After four days of reading thread after thread sometimes I think I now have more questions than when I started! Glad I am learning enough to give my babies good homes though. I tossed on the shrimp vs. cory to room with bettas. I was looking at setting up my spare 10 gallon to house a few of my boys. Should I add cory's with them? I was thinking of dividing it into 3 or 4 section and was hoping to use shrimp, but I only have 1 docile make and when my sorority is finished he gets to go in there. What else do I need to best set up my 10 gallon for a bunch of boys besides plants, gravel, heater, filter, thermometer, and tank dividers?


----------



## Alcemistnv (Jan 29, 2012)

the thing with cories is that for a 10 gallon, you can only use small cories like pygmies, and you can have one betta. Spliitting the tank doesn't give the cories enough room to swim around, and it also increases the bioload past capacity. 

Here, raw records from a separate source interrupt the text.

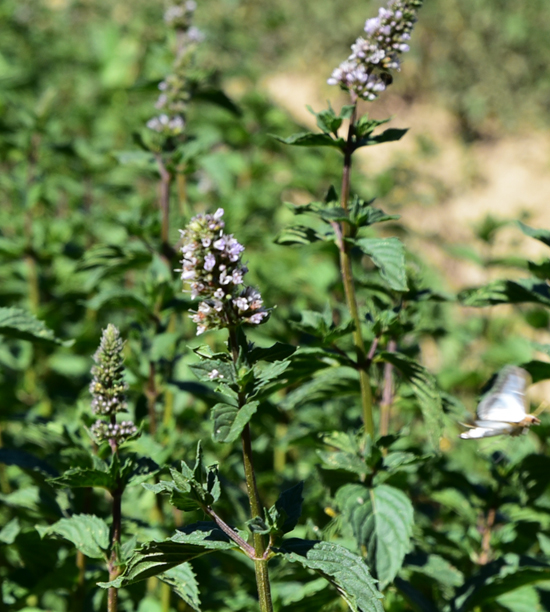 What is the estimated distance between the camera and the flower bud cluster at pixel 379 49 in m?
2.08

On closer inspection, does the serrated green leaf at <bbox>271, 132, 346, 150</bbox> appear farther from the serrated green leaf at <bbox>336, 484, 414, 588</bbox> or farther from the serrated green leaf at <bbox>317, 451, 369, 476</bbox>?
the serrated green leaf at <bbox>336, 484, 414, 588</bbox>

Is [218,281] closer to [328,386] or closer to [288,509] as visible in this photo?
[288,509]

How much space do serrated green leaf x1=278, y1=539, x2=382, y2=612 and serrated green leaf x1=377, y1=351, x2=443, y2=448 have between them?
0.51m

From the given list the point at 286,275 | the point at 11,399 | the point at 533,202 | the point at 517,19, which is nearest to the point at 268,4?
the point at 517,19

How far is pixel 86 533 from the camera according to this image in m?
1.98

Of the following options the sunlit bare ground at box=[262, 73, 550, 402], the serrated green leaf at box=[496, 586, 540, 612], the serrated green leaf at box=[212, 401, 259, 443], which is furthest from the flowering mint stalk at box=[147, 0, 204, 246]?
the sunlit bare ground at box=[262, 73, 550, 402]

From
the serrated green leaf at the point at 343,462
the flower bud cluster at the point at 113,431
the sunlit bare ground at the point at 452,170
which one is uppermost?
the sunlit bare ground at the point at 452,170

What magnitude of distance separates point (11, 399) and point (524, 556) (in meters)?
2.21

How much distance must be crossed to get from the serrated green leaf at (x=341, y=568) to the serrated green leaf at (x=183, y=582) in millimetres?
248

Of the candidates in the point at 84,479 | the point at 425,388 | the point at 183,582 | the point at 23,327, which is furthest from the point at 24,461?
the point at 425,388

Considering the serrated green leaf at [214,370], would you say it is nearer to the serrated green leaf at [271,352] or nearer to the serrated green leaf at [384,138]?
the serrated green leaf at [271,352]

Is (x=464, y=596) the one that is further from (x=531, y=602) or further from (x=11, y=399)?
(x=11, y=399)

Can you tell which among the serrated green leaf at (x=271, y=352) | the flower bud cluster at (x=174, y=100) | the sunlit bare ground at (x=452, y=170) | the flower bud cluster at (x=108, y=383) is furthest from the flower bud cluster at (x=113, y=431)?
the sunlit bare ground at (x=452, y=170)

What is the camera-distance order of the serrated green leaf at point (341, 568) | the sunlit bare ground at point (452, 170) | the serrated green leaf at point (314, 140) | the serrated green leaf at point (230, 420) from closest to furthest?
the serrated green leaf at point (230, 420) < the serrated green leaf at point (341, 568) < the serrated green leaf at point (314, 140) < the sunlit bare ground at point (452, 170) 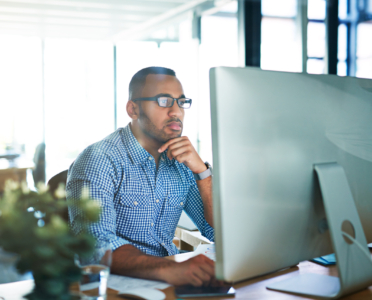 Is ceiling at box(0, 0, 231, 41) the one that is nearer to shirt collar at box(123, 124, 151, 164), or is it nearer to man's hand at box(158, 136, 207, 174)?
shirt collar at box(123, 124, 151, 164)

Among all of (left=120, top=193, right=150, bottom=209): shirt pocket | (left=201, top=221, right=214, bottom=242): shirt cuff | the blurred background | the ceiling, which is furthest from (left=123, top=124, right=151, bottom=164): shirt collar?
the ceiling

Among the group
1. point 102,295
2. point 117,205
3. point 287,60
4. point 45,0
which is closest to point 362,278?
point 102,295

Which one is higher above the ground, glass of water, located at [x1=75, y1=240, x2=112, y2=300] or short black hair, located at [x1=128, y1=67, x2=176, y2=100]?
short black hair, located at [x1=128, y1=67, x2=176, y2=100]

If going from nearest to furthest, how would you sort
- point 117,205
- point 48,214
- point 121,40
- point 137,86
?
point 48,214, point 117,205, point 137,86, point 121,40

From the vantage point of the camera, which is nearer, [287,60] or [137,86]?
[137,86]

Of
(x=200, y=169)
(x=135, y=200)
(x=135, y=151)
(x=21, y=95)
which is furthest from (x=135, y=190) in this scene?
(x=21, y=95)

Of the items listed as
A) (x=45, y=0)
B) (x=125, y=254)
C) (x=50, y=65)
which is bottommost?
(x=125, y=254)

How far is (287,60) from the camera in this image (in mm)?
4359

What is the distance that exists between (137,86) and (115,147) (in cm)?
34

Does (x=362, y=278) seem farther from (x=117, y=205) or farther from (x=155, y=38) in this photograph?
(x=155, y=38)

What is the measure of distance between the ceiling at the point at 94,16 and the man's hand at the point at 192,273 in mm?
4166

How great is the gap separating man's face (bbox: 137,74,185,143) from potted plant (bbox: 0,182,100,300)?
85 centimetres

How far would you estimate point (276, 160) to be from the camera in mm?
720

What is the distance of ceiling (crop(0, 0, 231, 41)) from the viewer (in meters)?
4.32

I originally had a 10 gallon with cories and one male, but then I decided to return the cories and divided the 10 in 4 for my boys c:

So I'd go with shrimp


----------



## FeatherStone (Mar 6, 2013)

I have a 10g with a cory, betta, a shrimp and some neon tetras. Go with the shrimp. The cory is too active, and I got him before realizing how many you have to keep together for them to be happy (my LFS has some small albino ones, but no pygmies). Shrimp should be ok so long as your betta isn't a shrimp eater... mine isnt so long as he's fed each morning


----------



## Kuronue (Oct 12, 2012)

In a divided 10g tank, go shrimp. Cory cats need wiggle room and are shoaling fish.


----------



## Artemis (Mar 9, 2013)

The betta will likely kill the shrimp.


----------



## Viva (Oct 18, 2012)

I have 4 Bronze (or Green) Corydoras and 3 amano shrimp in my 10 gallon with 1 male betta. He doesn't mind them but the tank is heavily planted. If you're going to divide the tank, I'd go with shrimp. However you cannot be sure that one of the 3 bettas will be aggressive enough to kill/eat shrimp. With a divided tank, there is less room for any victim to escape a betta's jaws. Cory's MUST live in groups though, and they definitely need more space than a divided section of a 10 gallon tank...a 10 gallon itself is quite cramped for them as it is.

It largely depends on the betta...I had a CT that wouldn't let ghost shrimp or Corys live in peace so I had to return the cory's. The shrimp unfortunately all died.


----------